» REQUIRED ACTION
Make an exact copy of the lines from the one containing "We may also" through the end of the material, including both ends but no pictures.

·····

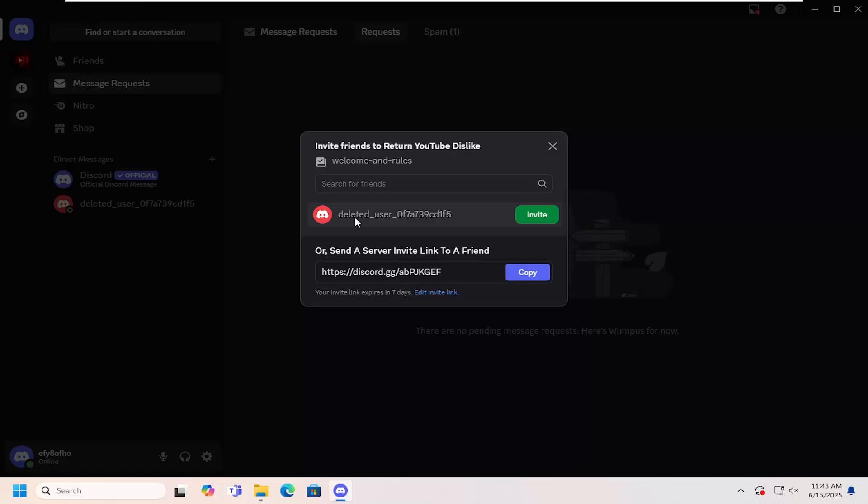And then you can go ahead and invite different people that might be on your friend list or you can send a server invite link using a link that you can copy and then share on a clipboard or some sort of link sharing application.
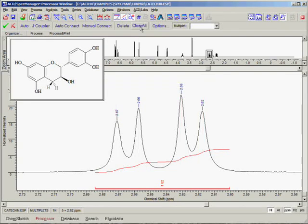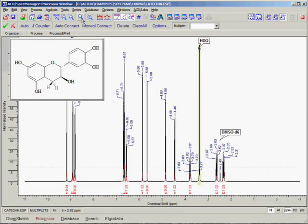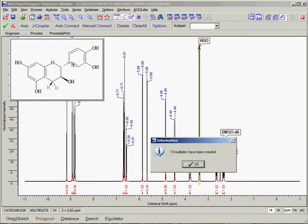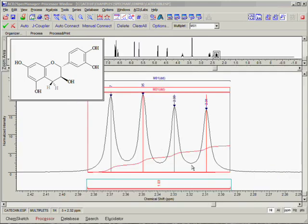We may also want to zoom out to see the entire spectrum. Now notice that the first button available on this toolbar is the Auto button. By clicking this button, we will produce a complete set of multiplets for this spectrum automatically. The dialog box that appears shows us how many multiplets were created by the automatic procedure. If the Auto Zoom feature is enabled, you will be taken automatically to the first multiplet when you click OK.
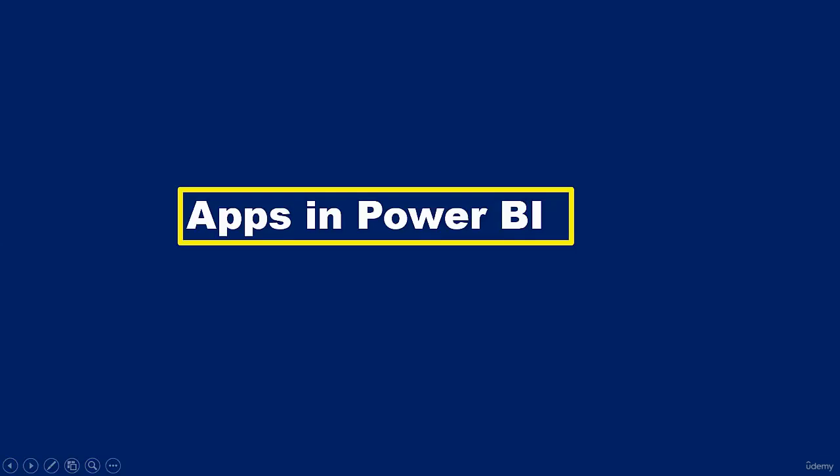Hello and welcome to this video. In this video, I'm going to introduce you to what apps are in Power BI.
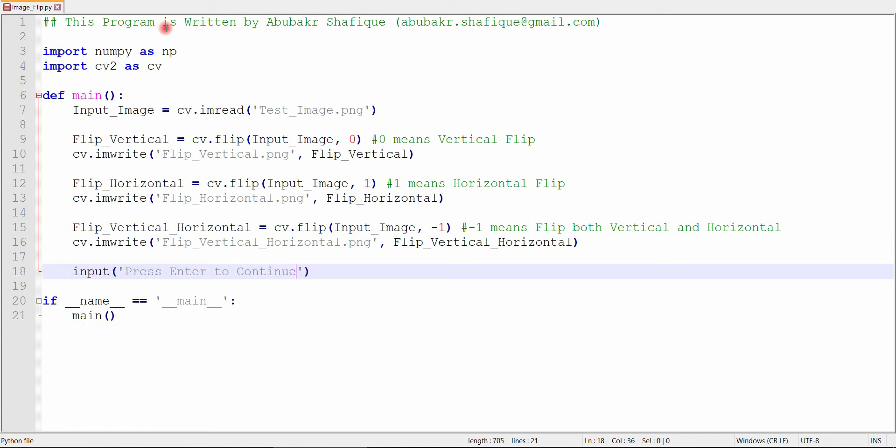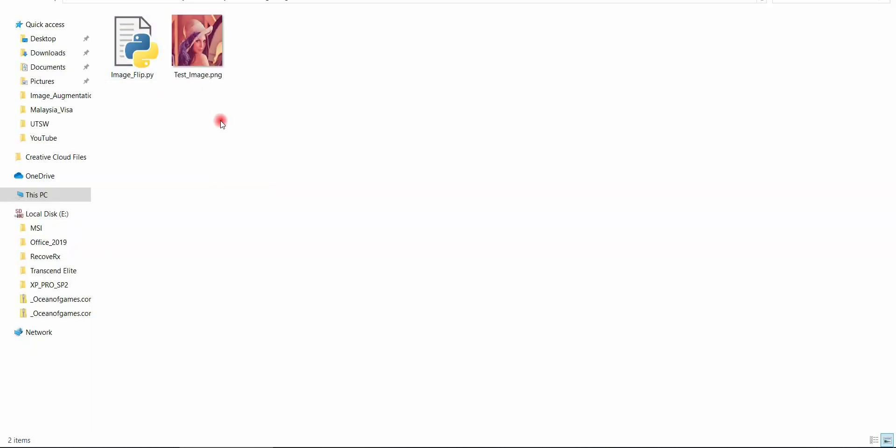So, after finishing our code, now we will run our program and see the result.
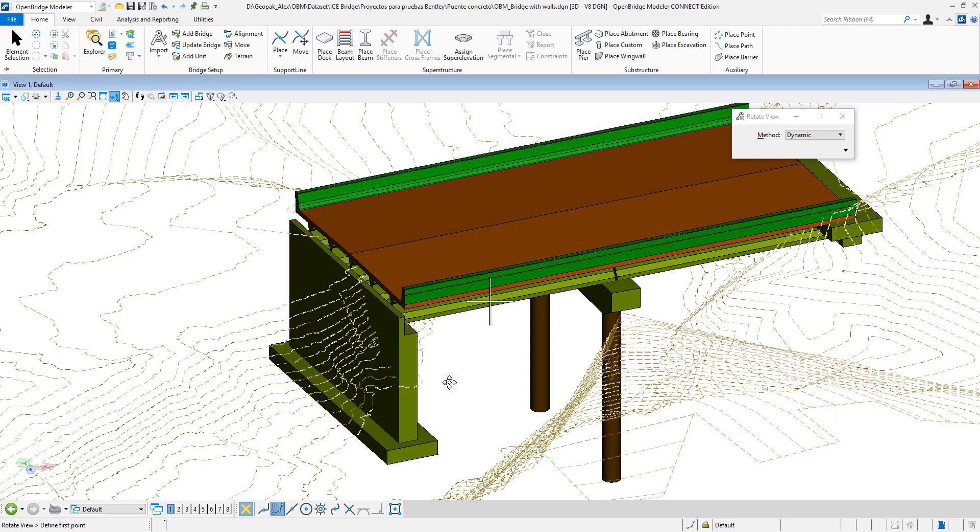In this video, we are going to show you how to calculate excavation quantities for abutments and piers.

·····

» REPLY TO THE EXERCISE
We may also want to zoom out to see the entire spectrum. Now notice that the first button available on this toolbar is the Auto button. By clicking this button, we will produce a complete set of multiplets for this spectrum automatically. The dialog box that appears shows us how many multiplets were created by the automatic procedure. If the Auto Zoom feature is enabled, you will be taken automatically to the first multiplet when you click OK.
Hello and welcome to this video. In this video, I'm going to introduce you to what apps are in Power BI.
So, after finishing our code, now we will run our program and see the result.
In this video, we are going to show you how to calculate excavation quantities for abutments and piers.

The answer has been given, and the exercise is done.